Short web captions
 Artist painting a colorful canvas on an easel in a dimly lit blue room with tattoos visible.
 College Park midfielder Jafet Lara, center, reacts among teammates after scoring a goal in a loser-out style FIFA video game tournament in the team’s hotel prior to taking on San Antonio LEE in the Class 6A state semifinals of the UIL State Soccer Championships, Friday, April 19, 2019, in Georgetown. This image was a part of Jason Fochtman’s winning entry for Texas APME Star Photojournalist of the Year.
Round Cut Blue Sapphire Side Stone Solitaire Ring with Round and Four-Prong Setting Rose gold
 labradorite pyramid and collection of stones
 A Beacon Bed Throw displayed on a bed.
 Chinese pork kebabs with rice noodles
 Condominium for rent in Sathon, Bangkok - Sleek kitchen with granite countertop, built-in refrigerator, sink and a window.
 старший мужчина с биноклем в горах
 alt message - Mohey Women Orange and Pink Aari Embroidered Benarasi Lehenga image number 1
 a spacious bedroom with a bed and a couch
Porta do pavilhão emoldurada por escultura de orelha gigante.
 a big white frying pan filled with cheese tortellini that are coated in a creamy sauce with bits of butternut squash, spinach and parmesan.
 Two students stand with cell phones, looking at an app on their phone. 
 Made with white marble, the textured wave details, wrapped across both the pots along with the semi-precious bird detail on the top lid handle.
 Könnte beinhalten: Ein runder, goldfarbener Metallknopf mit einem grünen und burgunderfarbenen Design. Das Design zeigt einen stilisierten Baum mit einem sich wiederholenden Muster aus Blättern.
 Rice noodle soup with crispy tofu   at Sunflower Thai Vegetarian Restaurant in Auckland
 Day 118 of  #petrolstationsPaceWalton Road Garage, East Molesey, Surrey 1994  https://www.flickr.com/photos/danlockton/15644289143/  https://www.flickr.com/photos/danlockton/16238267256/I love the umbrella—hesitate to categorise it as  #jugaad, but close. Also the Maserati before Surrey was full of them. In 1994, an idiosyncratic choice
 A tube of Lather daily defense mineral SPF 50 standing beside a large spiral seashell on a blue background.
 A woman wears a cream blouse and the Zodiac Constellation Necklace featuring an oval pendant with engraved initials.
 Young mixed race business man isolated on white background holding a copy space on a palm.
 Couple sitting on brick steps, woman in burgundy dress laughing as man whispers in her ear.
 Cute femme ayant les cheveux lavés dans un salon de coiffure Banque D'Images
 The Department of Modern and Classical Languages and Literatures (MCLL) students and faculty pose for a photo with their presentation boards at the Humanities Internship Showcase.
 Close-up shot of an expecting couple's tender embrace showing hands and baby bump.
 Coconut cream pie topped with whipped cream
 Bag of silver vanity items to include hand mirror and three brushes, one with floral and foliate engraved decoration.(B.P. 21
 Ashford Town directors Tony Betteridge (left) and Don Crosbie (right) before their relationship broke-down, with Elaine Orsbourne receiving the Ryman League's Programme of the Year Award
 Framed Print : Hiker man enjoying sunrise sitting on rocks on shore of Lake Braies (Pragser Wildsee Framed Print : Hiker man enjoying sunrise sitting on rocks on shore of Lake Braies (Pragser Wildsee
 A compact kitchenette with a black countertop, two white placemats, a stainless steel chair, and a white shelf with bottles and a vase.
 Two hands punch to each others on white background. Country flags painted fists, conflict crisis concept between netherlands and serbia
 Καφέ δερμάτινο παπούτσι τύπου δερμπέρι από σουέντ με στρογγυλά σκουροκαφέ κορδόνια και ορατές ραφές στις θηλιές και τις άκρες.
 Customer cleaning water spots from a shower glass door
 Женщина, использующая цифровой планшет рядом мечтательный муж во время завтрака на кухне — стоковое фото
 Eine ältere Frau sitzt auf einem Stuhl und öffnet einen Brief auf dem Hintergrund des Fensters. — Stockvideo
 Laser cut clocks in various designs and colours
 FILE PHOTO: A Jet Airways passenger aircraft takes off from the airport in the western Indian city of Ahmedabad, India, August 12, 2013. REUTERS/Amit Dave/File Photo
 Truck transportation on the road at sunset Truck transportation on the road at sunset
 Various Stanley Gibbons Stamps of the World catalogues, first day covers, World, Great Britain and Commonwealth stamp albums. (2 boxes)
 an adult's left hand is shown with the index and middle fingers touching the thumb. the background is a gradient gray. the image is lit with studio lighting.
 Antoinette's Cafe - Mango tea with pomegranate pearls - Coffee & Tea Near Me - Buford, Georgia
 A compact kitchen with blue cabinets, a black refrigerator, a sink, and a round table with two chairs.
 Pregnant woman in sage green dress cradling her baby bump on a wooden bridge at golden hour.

- Activity: Once you find the line with "Round Cut Blue" in the entries above, output it and each line after it up to and including the line with "Made with white", and nothing else.

- Output for this exercise:
Round Cut Blue Sapphire Side Stone Solitaire Ring with Round and Four-Prong Setting Rose gold
 labradorite pyramid and collection of stones
 A Beacon Bed Throw displayed on a bed.
 Chinese pork kebabs with rice noodles
 Condominium for rent in Sathon, Bangkok - Sleek kitchen with granite countertop, built-in refrigerator, sink and a window.
 старший мужчина с биноклем в горах
 alt message - Mohey Women Orange and Pink Aari Embroidered Benarasi Lehenga image number 1
 a spacious bedroom with a bed and a couch
Porta do pavilhão emoldurada por escultura de orelha gigante.
 a big white frying pan filled with cheese tortellini that are coated in a creamy sauce with bits of butternut squash, spinach and parmesan.
 Two students stand with cell phones, looking at an app on their phone. 
 Made with white marble, the textured wave details, wrapped across both the pots along with the semi-precious bird detail on the top lid handle.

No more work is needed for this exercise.